Thursday, August 24, 2006

'Fiasco: The American Military Adventure in Iraq'.

'Fiasco: The American Military Adventure in Iraq', Thomas E. Ricks


ABC's Kerry O'Brien interviewed Washington Post's senior military correspondent Thomas E. Ricks about his latest book 'Fiasco: The American Military Adventure in Iraq':
KERRY O'BRIEN: Tom Ricks, if the war in Iraq really has been a fiasco, then what have been the milestones to measure it by?

THOMAS RICKS, SENIOR PENTAGON CORRESPONDENT: I think the milestones of the fiasco you've had here in Iraq are a lousy run-up to the war, a war plan that arguably was one of the worst in American history that helped create the conditions that followed, the failure to recognise the insurgency in the summer of 2003, especially by Defense Secretary Rumsfeld, and then a US military that was very good at conventional operations, really was not prepared for the task at hand in Iraq of putting down an insurgency.
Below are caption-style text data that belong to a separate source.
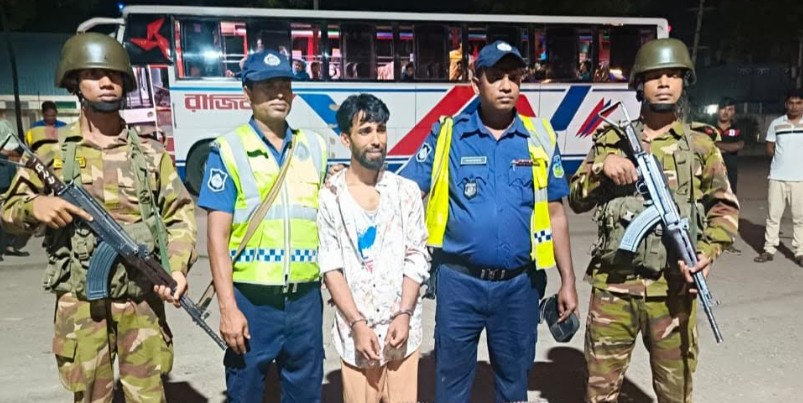 ভালুকায় পেথিডিন ইনজেকশন সহ যৌথবাহিনীর হাতে আটক ১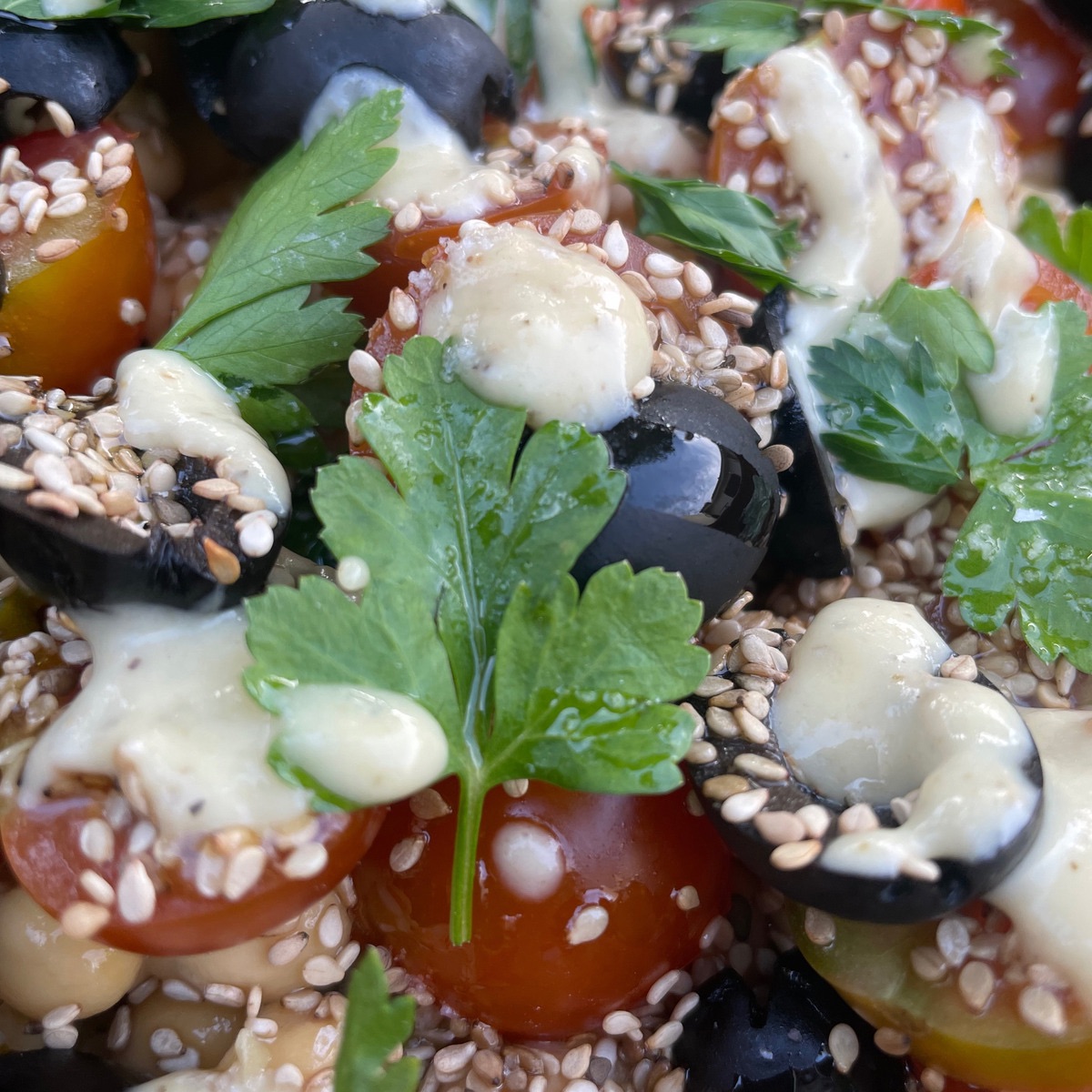 Ensalada vegana con garbanzos, cuscús y tomates cherry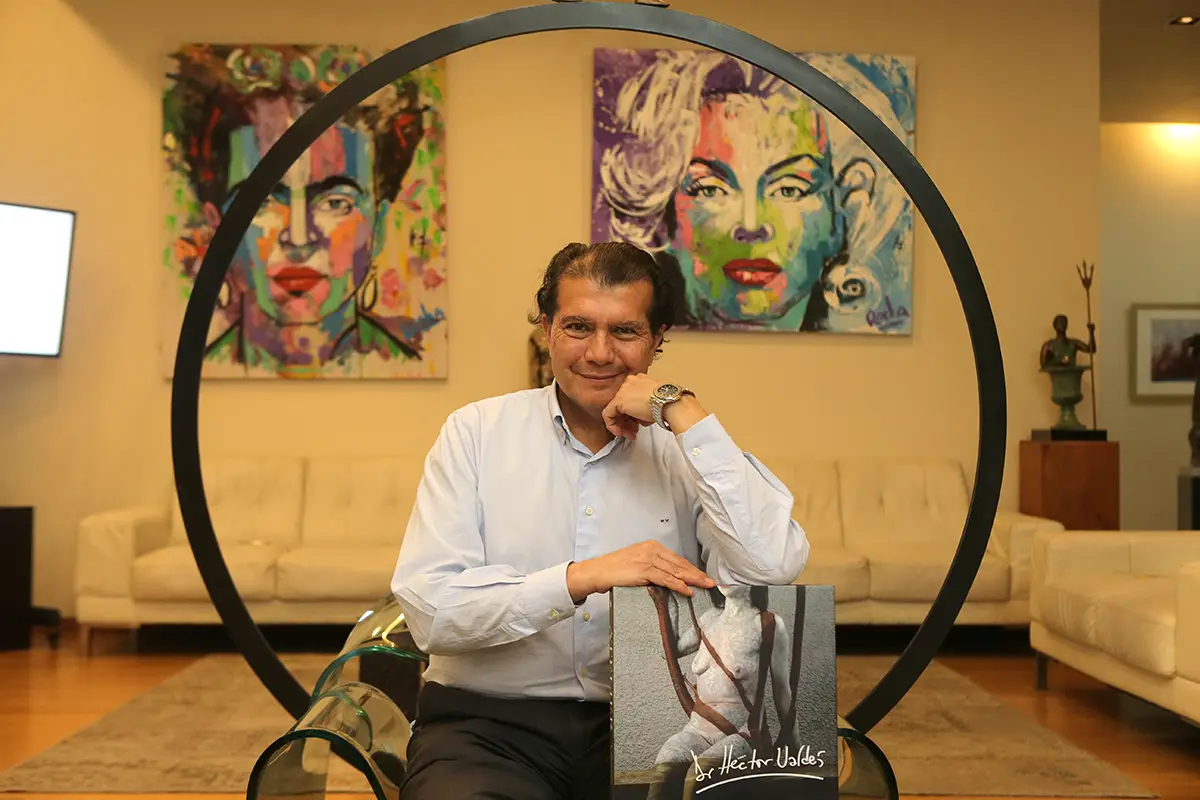 hector_valdes72.jpg, El cirujano plástico Héctor Valdés es fanático del arte. Foto:Juan Pablo Carmona Y.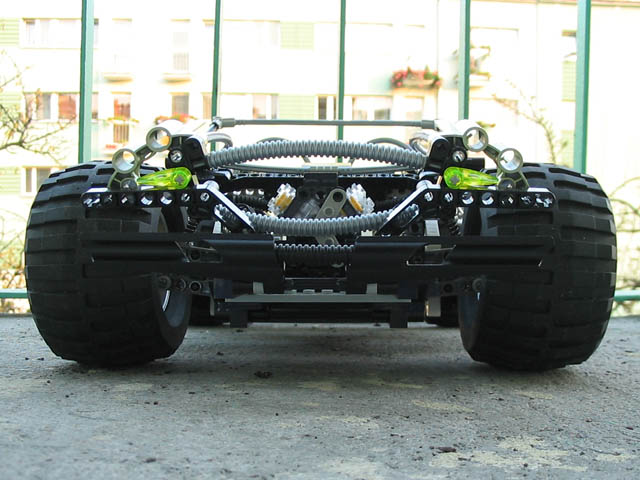 05_front.jpg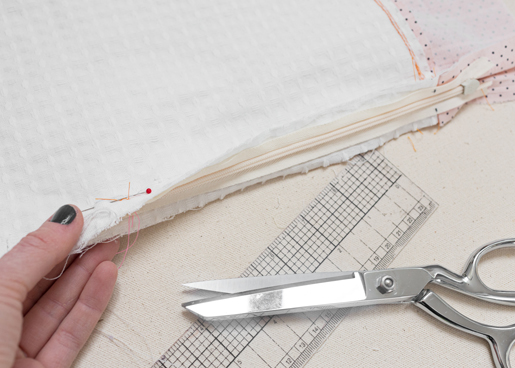 zipper_tutorial: pinning zipper tapes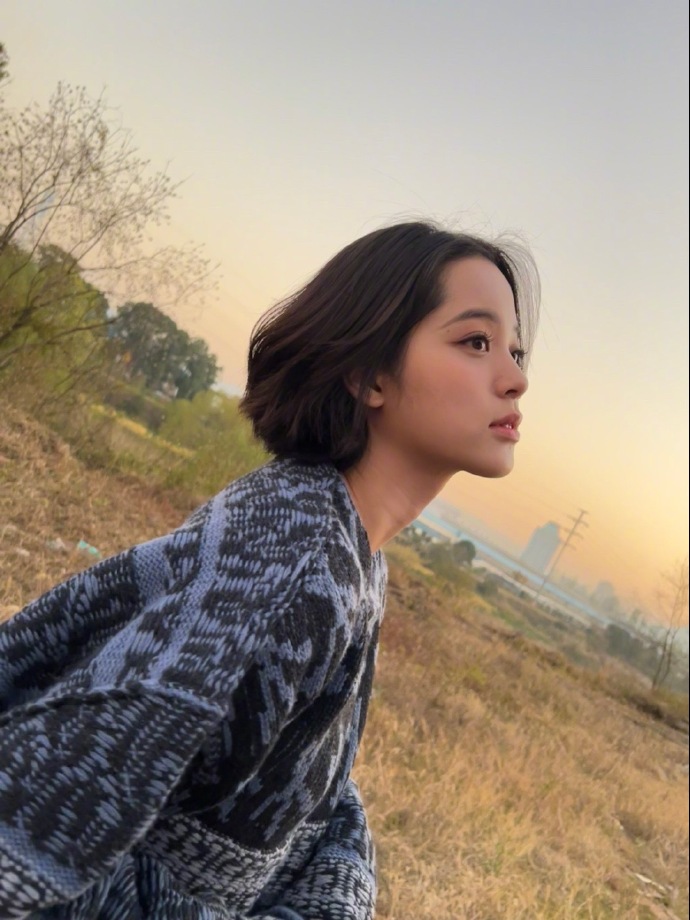 欧阳娜娜晒美照 留短发清爽利落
KERRY O'BRIEN: Is it fair to say, as you assert, that America helped create the insurgency in the first place by dissolving the Iraqi army, the police, the security - all 500,000 of them - and in the process, creating - quote - "a vast pool of humiliated, antagonised and politicised men"?

THOMAS RICKS: That's a good question. There is actually no one document I can point to in which the insurgency says, "This is what created us". But if you look historically at the Iraqi insurgency, there are three things that any insurgency needs as it's coming together - recruiting, arms and financing. In Iraq, the US military and US civilian officials took care, to a large extent, of those three problems. Ambassador Bremer's decision to dissolve the military and to ban senior members of the Baathist party from public life, created this pool of leaders and of armed and angry men.
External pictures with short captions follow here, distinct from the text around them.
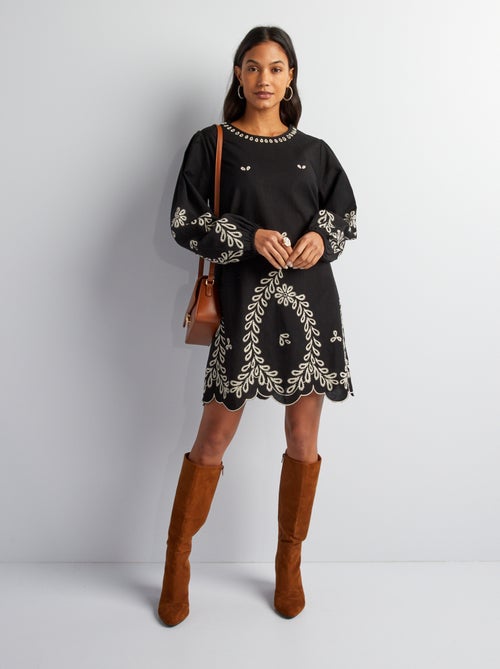 Robe avec broderie - Kiabi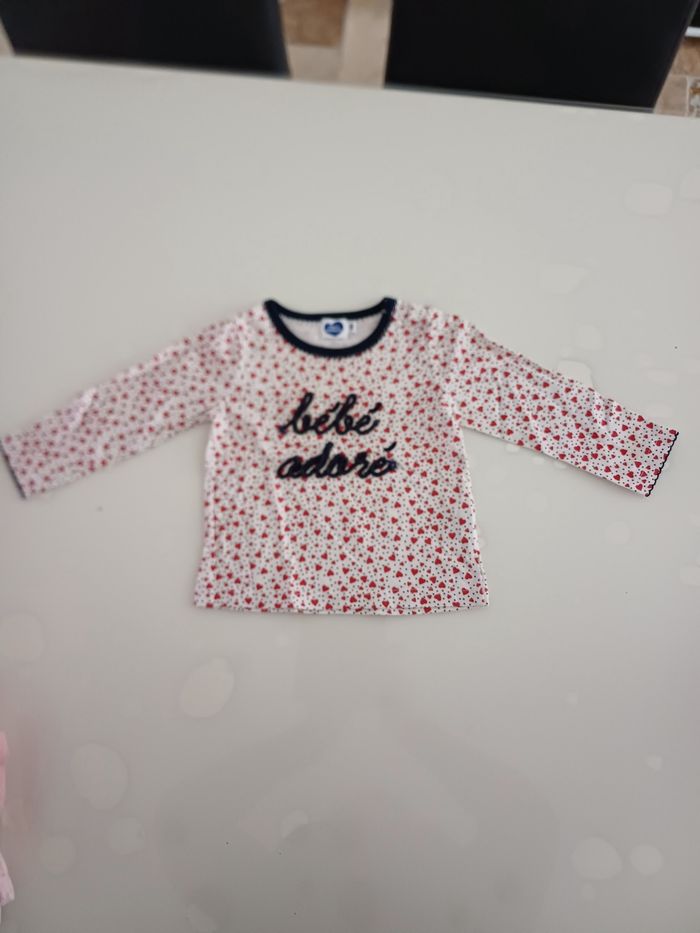 Tee-shirt neuf taille 9 mois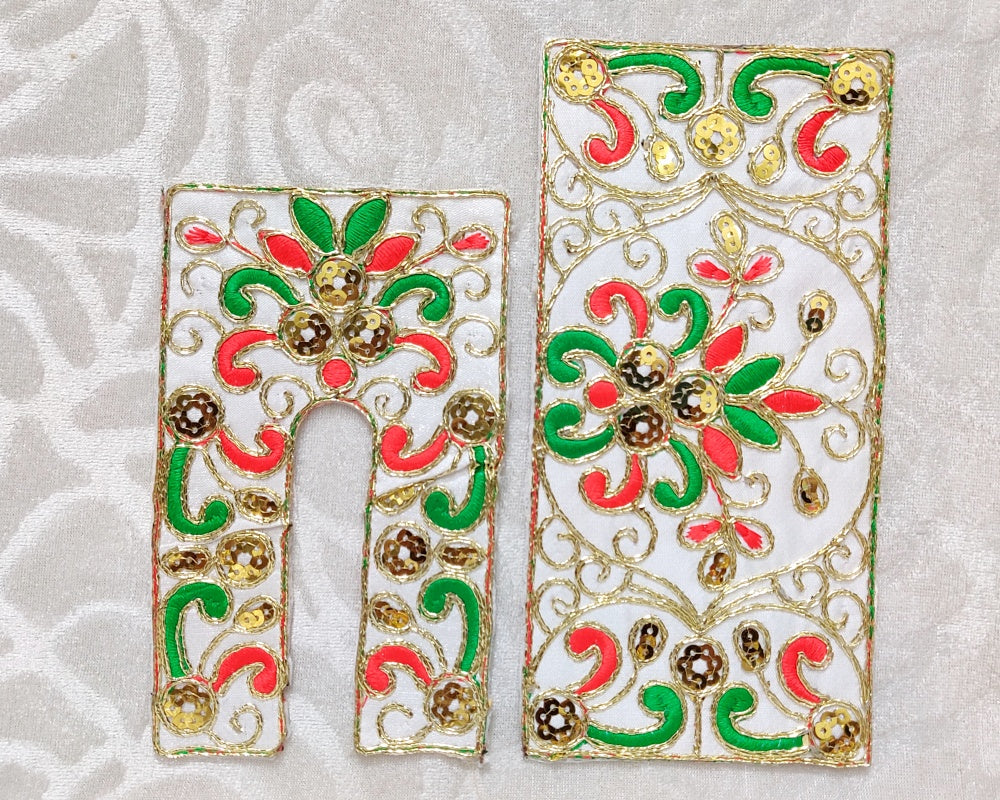 Medium Size Zari Chira Odhni Vastra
The second problem is arming, and there were not enough troops around Iraq to stop the large weapons caches, some of them many square miles in size, from being protected. And because the Iraqi army had been dissolved, they couldn't use those troops either. It also meant they couldn't seal the border because they didn't have enough troops. One of the classic tenets of counter-insurgency is close the borders, get control over the borders. The US didn't have enough troops to do this and so financing, documents and leadership could go back and forth, especially from Baghdad up to Syria.
click on quote and check out what he says about Abu Ghraib. Next, an online Q&A through the Washington Post in which readers complimented him, or chastised him:
Annandale, Va.: The war is not over--yet you label it a fiasco. I didn't read your story and I didn't read your book. But I congratulate you on being the typical cynical, pessimistic, liberal Washington Post reporter that the rest of this country looks down on as somethign wholely un-American and frankly I just can't say enough about morale-destroying you probably are to our troops. I'm glad my WWII-era military father is gone so he wouldn't have to pick up the Post in the morning and see your trash on the front page of the paper. You can report all you want on the nasty stuff of the war but putting "Fiasco in Iraq" only serves denigrate our country and fighting people. You have no response to this. There is no good in that title for your book. I served in the military and we always laughed at the Washington Post and how they were completely out of tune with the rest of the country. Maybe you feel comfortable at 15th and K at the Post headquarters or in some other liberal bastions of this country--but in the rest of the country -- the solid majority of hard-working Americans who believe in freedom. You don't see squat.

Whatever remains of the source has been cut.